## Recorded data
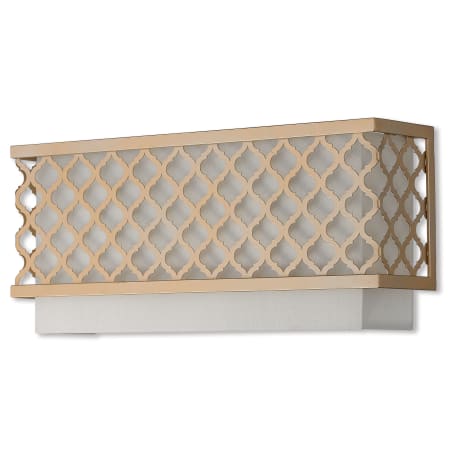 Livex Lighting Arabesque 2 Light 7" Tall Wall Sconce with Metal and Fabric Shade - ADA Compliant Soft Gold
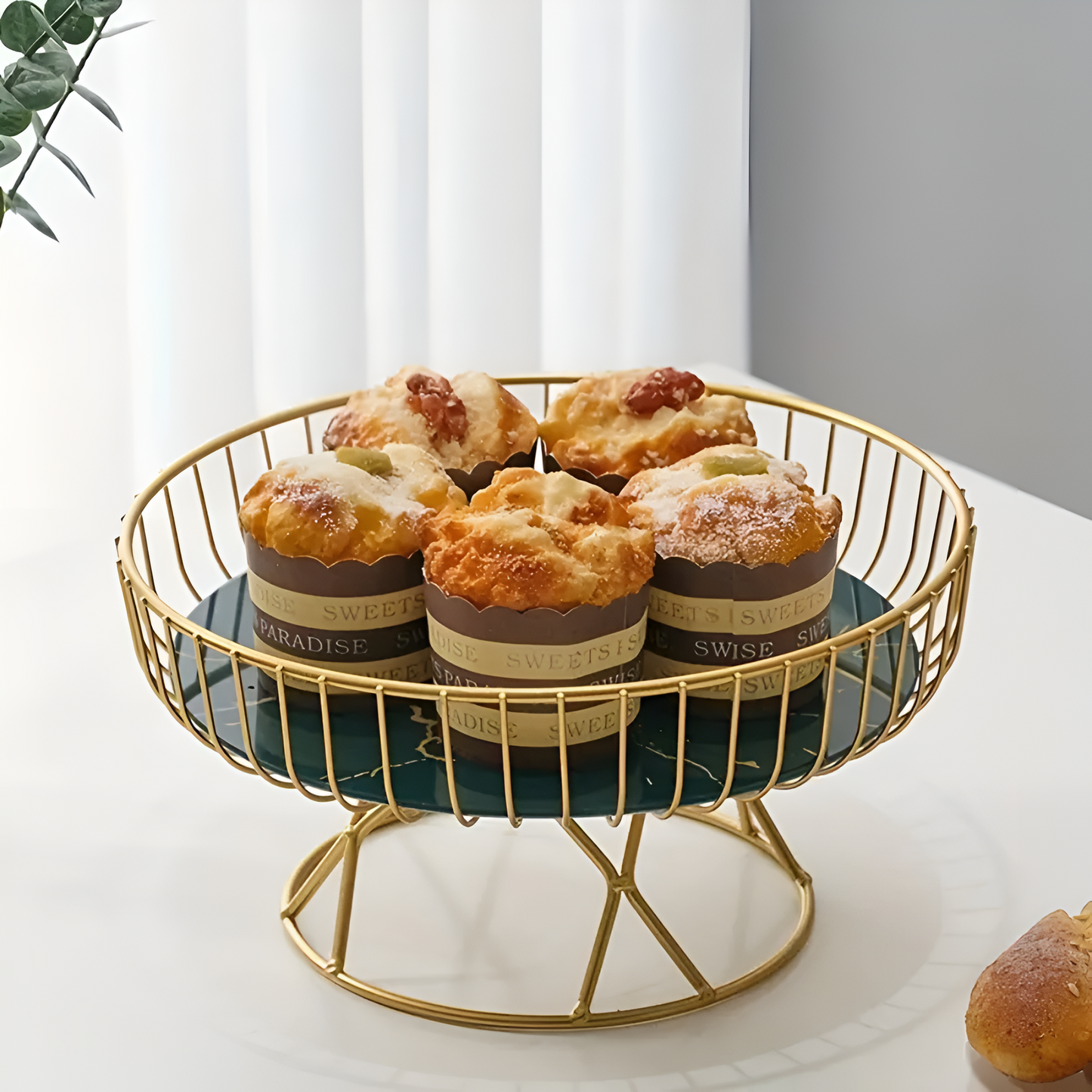 Elegant Marble Tray with Gold Handles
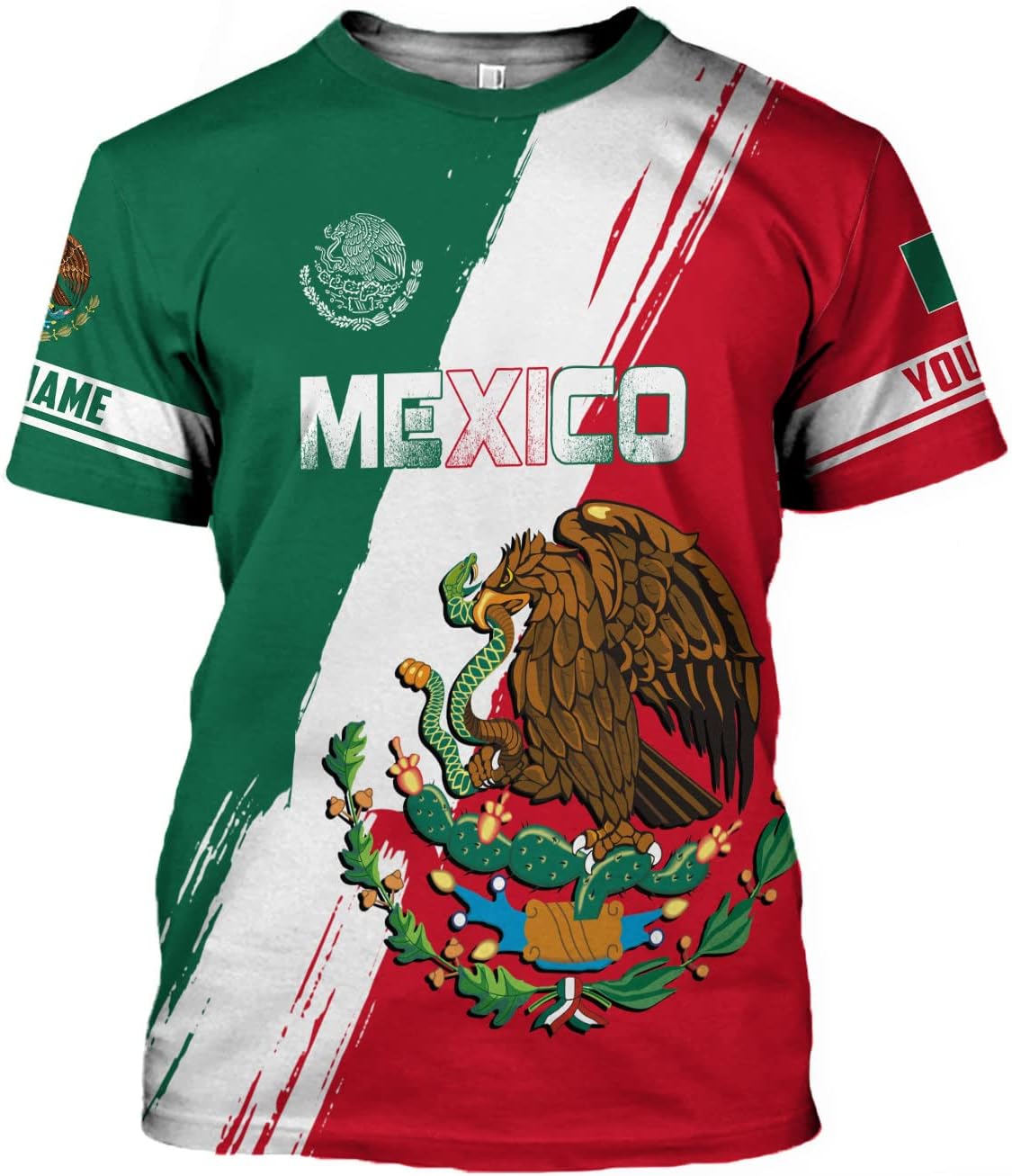 Mostprints Personalized Name Mexican Shirts for Men 3D, Customized Mexico Shirts for Men, Mexico Shirts for Women Mexico Shirt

## Exercise objective
Extract the run of lines from the line holding "Elegant Marble Tray with Gold Handles" through the final line of the material above, exactly and inclusively. Leave the pictures behind.

## Written solution
 Elegant Marble Tray with Gold Handles
 Mostprints Personalized Name Mexican Shirts for Men 3D, Customized Mexico Shirts for Men, Mexico Shirts for Women Mexico Shirt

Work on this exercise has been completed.